One thing he forgets to mention is how companies raised capital back then. In
the middle of 2007, fundraising was far different than it is today. The deal
flows were much longer, accelerators such as YC were almost unheard of, and
investors had less overall competition.

I remember going through fundraising with my last employer in 2007. We raised
a $1.5 Series A (not a seed, something comparable to seeds today), had far
less term sheets than companies get today, and winning a UC Berkeley business
plan competition was our access to a pool of investors (unlike a demo day for
YC, 500, Techstars).

------
spullara
The real problem is that the industries with problems don't want to be fixed
and very few people want to bother with the same red tape or worse that
Square, Tesla and Über have to deal with. Who wants to invest their life only
to be shot down bureaucrats? Notice that those 3 firms were started by
entrepreneurs with companies already under their belt.

------
rrbrambley
"In technology, long term thinking is impossible, because everything changes
so fast, and the pace of change is quickening. The rules are Nobody knows when
a sudden shift in technology will open up new markets and business models."

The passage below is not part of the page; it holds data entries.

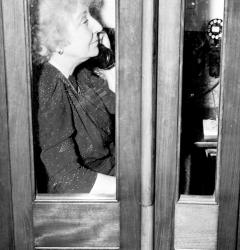 In a Capitol phone booth, Jeannette Rankin calls for assistance following her vote against war on December 8, 1941.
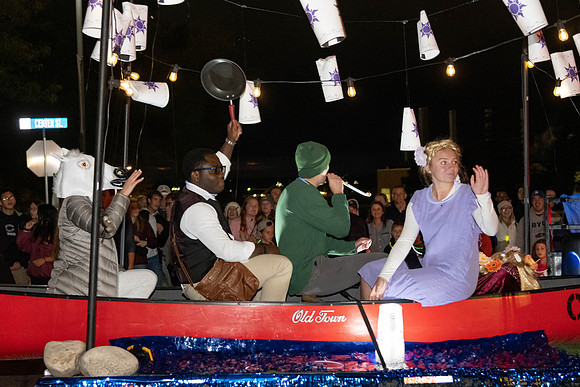 Students participate in the Spirit Week festivities that include a torch lighting and parade.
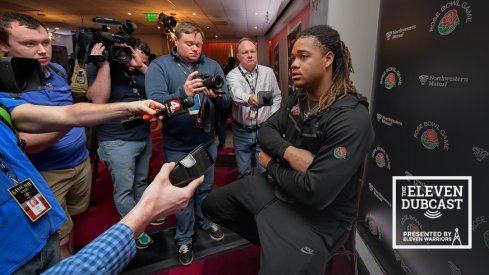 Ohio State defensive lineman Chase Young, surrounded by reporters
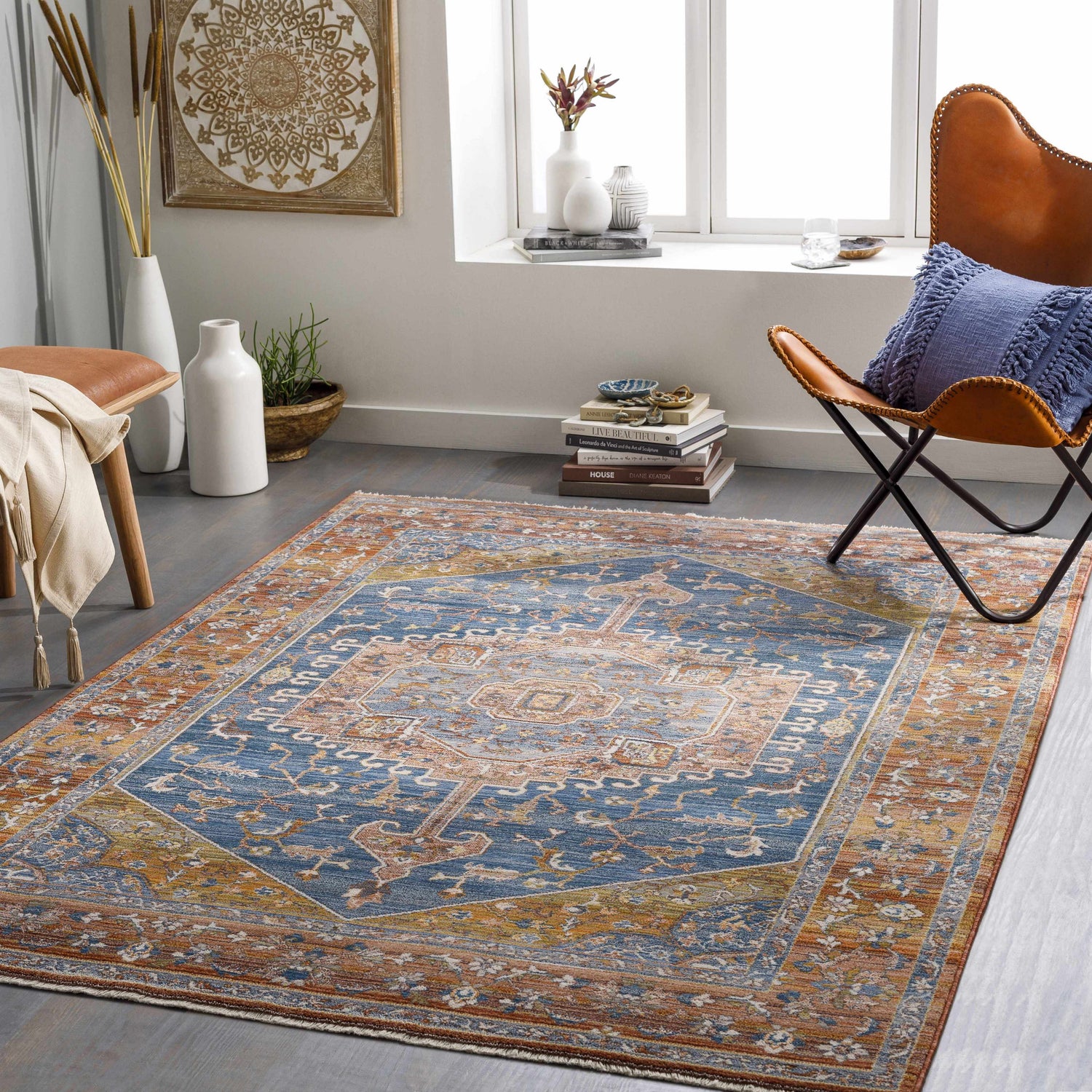 Living room scene with a Solana Blue Medallion Area Carpet, leather chair, and bohemian decor. The rug adds warmth and style. Roomscene-Rectangle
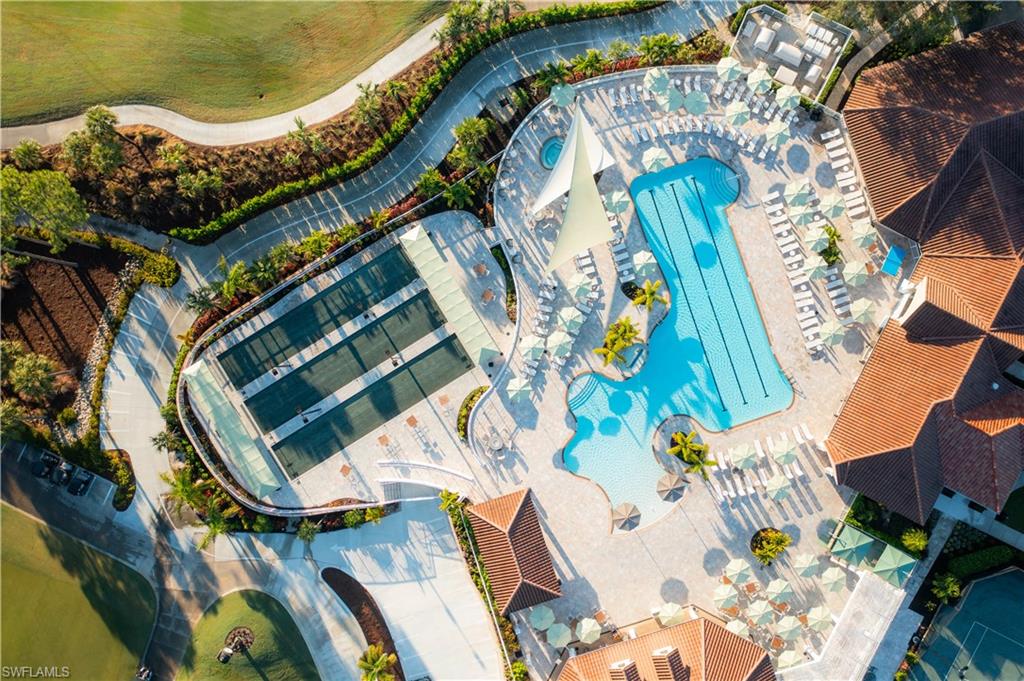 8457 Radcliffe Terrace, Unit 102 Naples, FL 34120 - Photo 29 of 33 Drone / aerial view of a pool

I agree with the idea that a startup's vision is subject to the shifts in
technology around it. And for the same reasons that you point out, I agree
that it does not make sense for all tech startups to be thinking too far
ahead. However, you could also argue that the sudden shifts in technology
happen because there are companies whose vision is BIG and executed as
planned. Some companies are just more susceptible to technology changes
because they're building on platforms that are susceptible to those changes.

But no, I have yet to build a successful company, so who am I to act like I
know? :)

------
treelovinhippie
I think what's primarily lacking is startups talking about their grand vision.
Sure there are quick flip startups, but a lot of founders begin with a grand
future vision and work backwards, breaking down what can be done now to move
toward the end goal.

I think we never hear about these visions as companies probably see them as a
competitive advantage. But if everyone spoke about where their startup could
be in 5, 10, 20 years we'd be able to accurately shape the future together
rather than it simply haphazardly manifesting based on incremental
investments.

------
lollancf37
I fail to see the point of this article. Since when thiking long term has to
do with not adapting to its market ?? I've never heard of any company which
fallowed to the letter a 5 years plan to the letter now, or 15 years ago. If
you think that, please stop.

The value of short term thinking is that it's more fitted to our time. We do
not build companies to last forever, we might as well cut the cost of thinking
long term and try stuff until it's profitable enough to be bought...

------
andyl
Nobody has a clue? I don't buy it. Big things are happening in energy,
biotech, health care, 3d printing, telecom, computing, and more. There is
definitely a place for longer term thinking.

------
ktizo
I'd say that with careful study you can have a pretty good clue about some of
the near future, the difficult bit is knowing when that future is going to
occur and in what order. So making long term plans is fine as long as you
allow leeway for the dates and have plenty of what-ifs and backup strategies
and things to do while you wait for the wave you have guessed is out there.

------
lucian303
Technology changes, but such changes don't necessarily dictate the product.